Segment Start: INFORMATION PROVIDED

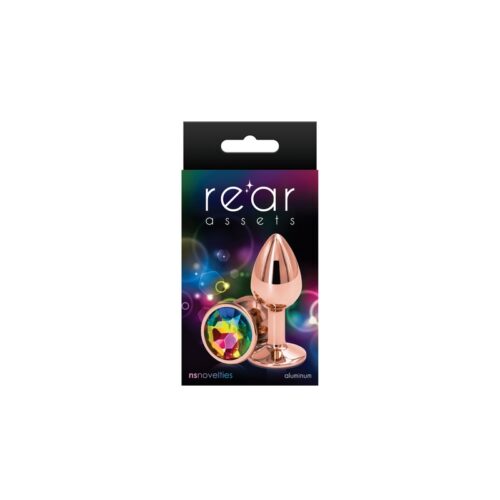 Rear Assets Rose Gold Small Rainbow 1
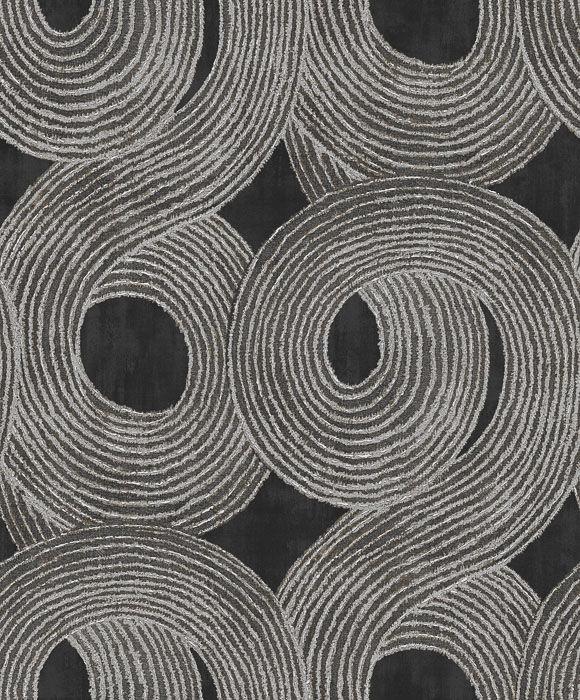 Обои Khroma арт TRI202 фото 1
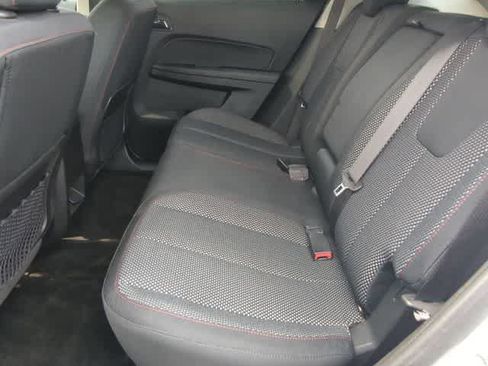 Used 2017 GMC Terrain SLE w/ Driver Alert Package I FWD image 20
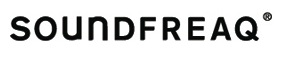 soundfreaq logo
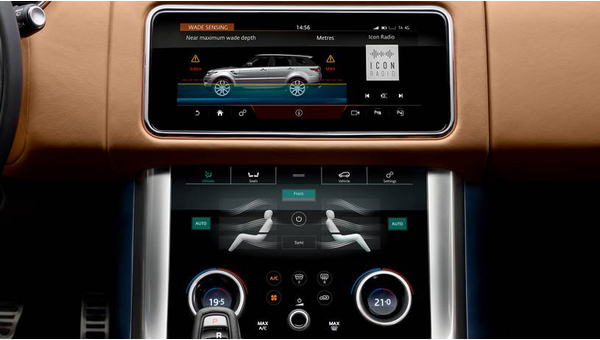 2020_land-rover_range-rover-sport_4dr-suv_p525-autobiography_cc_oem_1_815.jpg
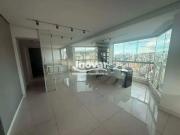 Apartamento para Locação em Belo Horizonte/MG Coração de...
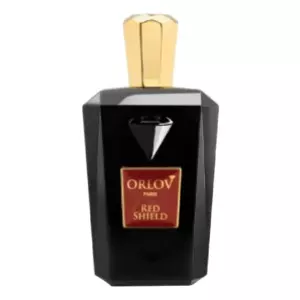 Orlov Paris Red Shield - Интернет-магазин. Kalinka-parfum.ru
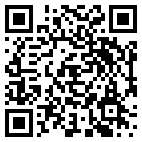 QR Code for Garden Falls in Monroe Township, NJ 08831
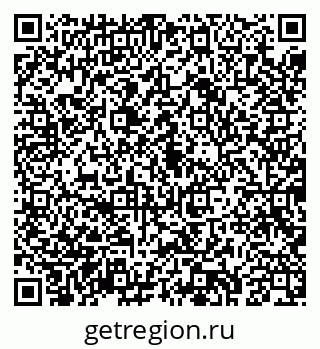79043285635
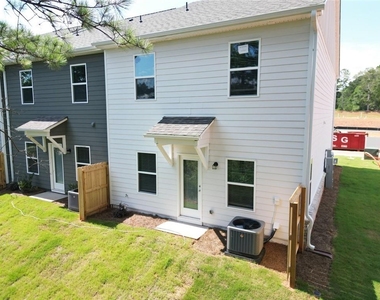 165 Mill Center Boulevard - Photo Thumbnail 7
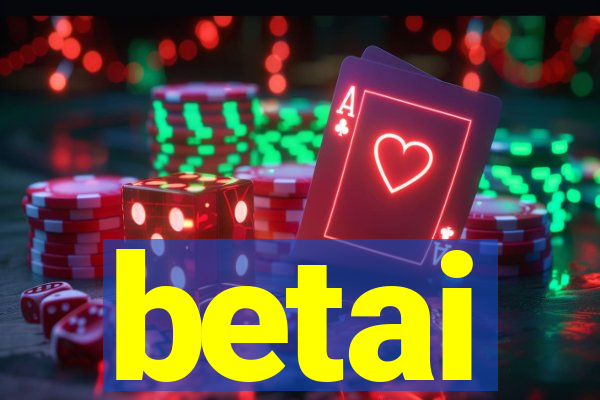 betai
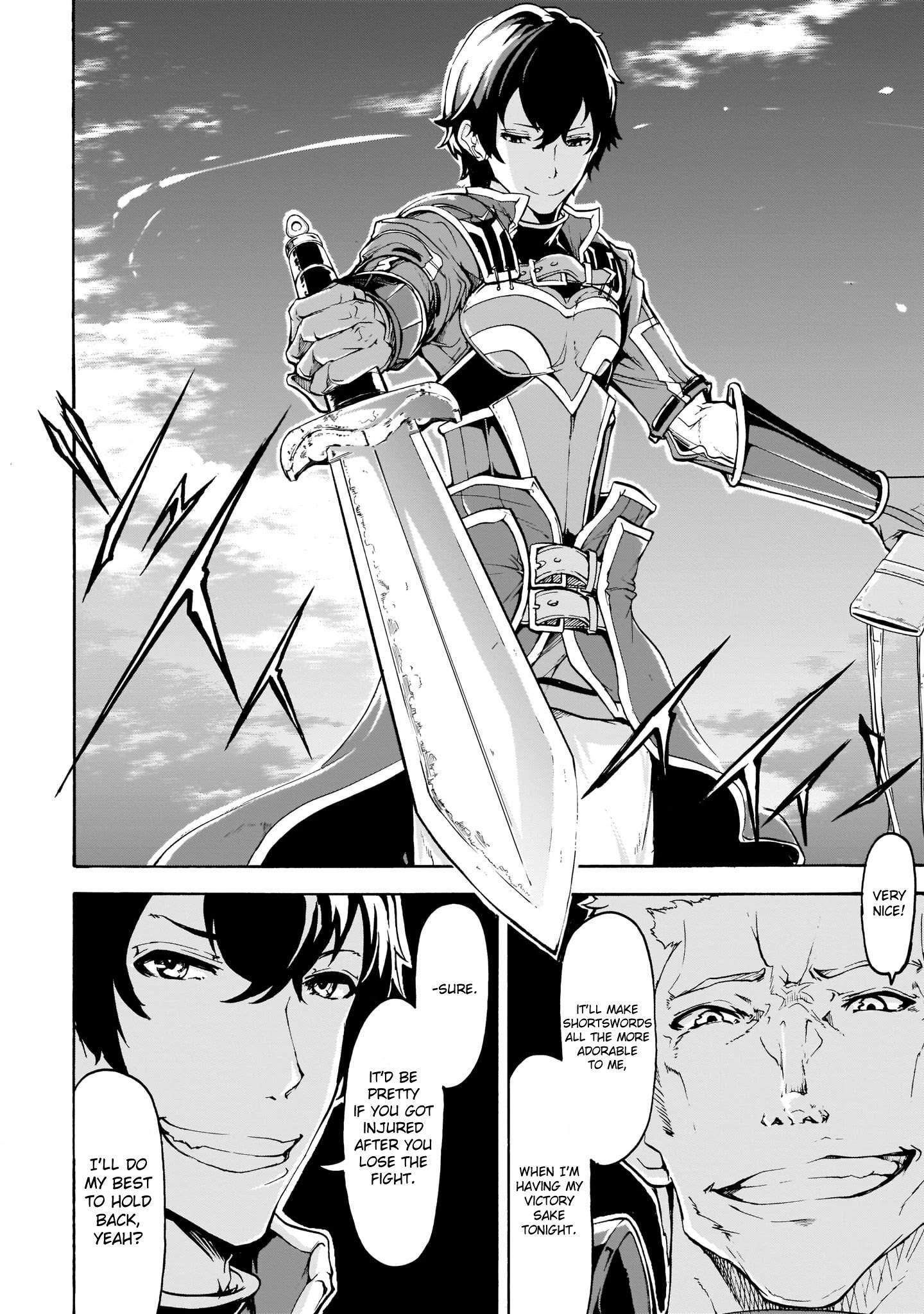 Page 5 of Chapter 9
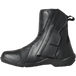 Atlas Mid CE Waterproof Mens Boot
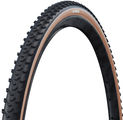 Schwalbe X-One RX Pro ADDIX Race V-Guard E-25 TLR 28" cubierta plegable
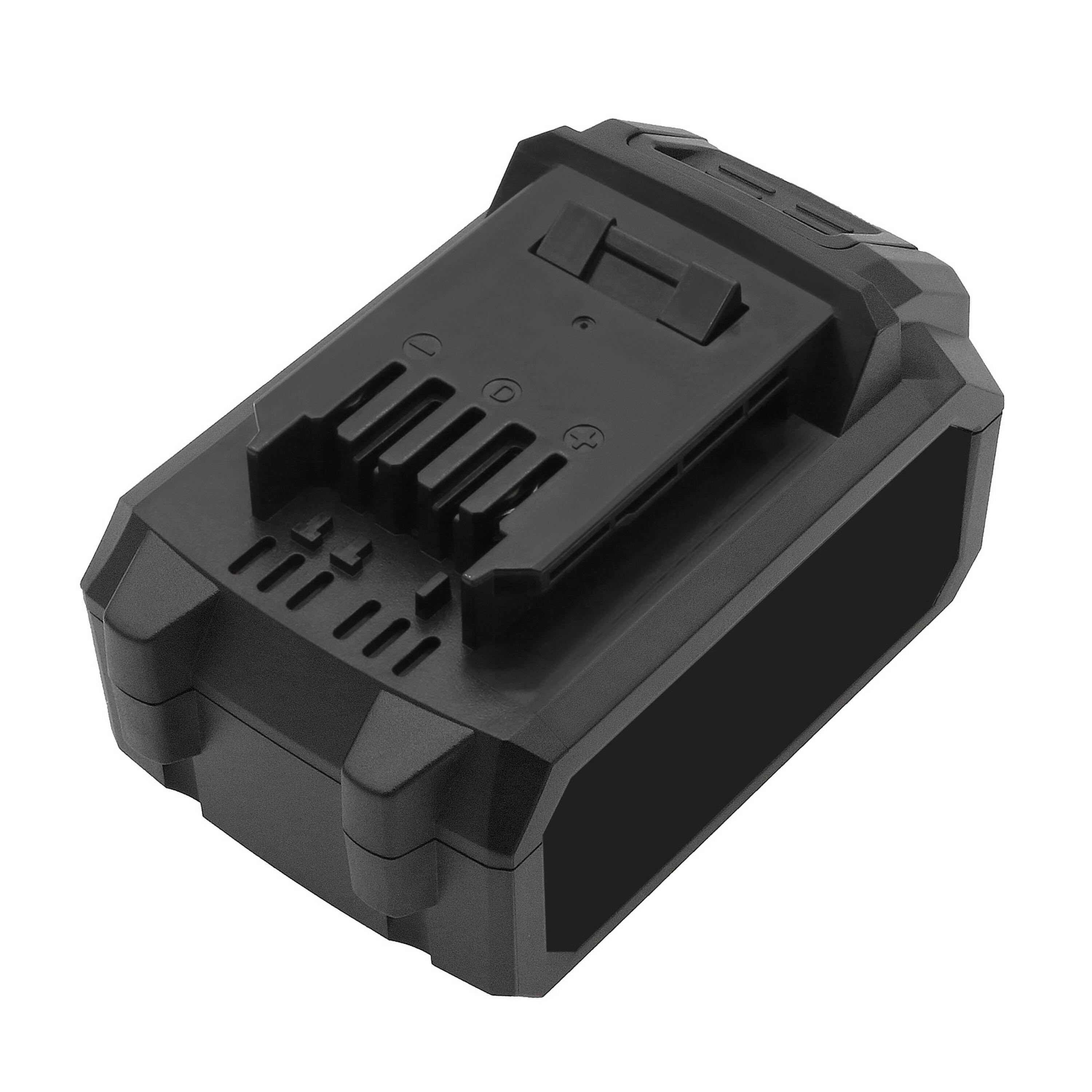 Cameron Sino Replacement Battery for Skil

Segment End: INFORMATION PROVIDED

**AIM OF THE TASK**
Could the entries above be copied out exactly, with no pictures included?

**COMPLETED EXERCISE**
 Rear Assets Rose Gold Small Rainbow 1
 Обои Khroma арт TRI202 фото 1
 Used 2017 GMC Terrain SLE w/ Driver Alert Package I FWD image 20
 soundfreaq logo
 2020_land-rover_range-rover-sport_4dr-suv_p525-autobiography_cc_oem_1_815.jpg
 Apartamento para Locação em Belo Horizonte/MG Coração de...
 Orlov Paris Red Shield - Интернет-магазин. Kalinka-parfum.ru
 QR Code for Garden Falls in Monroe Township, NJ 08831
79043285635
 165 Mill Center Boulevard - Photo Thumbnail 7
 betai
 Page 5 of Chapter 9
 Atlas Mid CE Waterproof Mens Boot
 Schwalbe X-One RX Pro ADDIX Race V-Guard E-25 TLR 28" cubierta plegable
 Cameron Sino Replacement Battery for Skil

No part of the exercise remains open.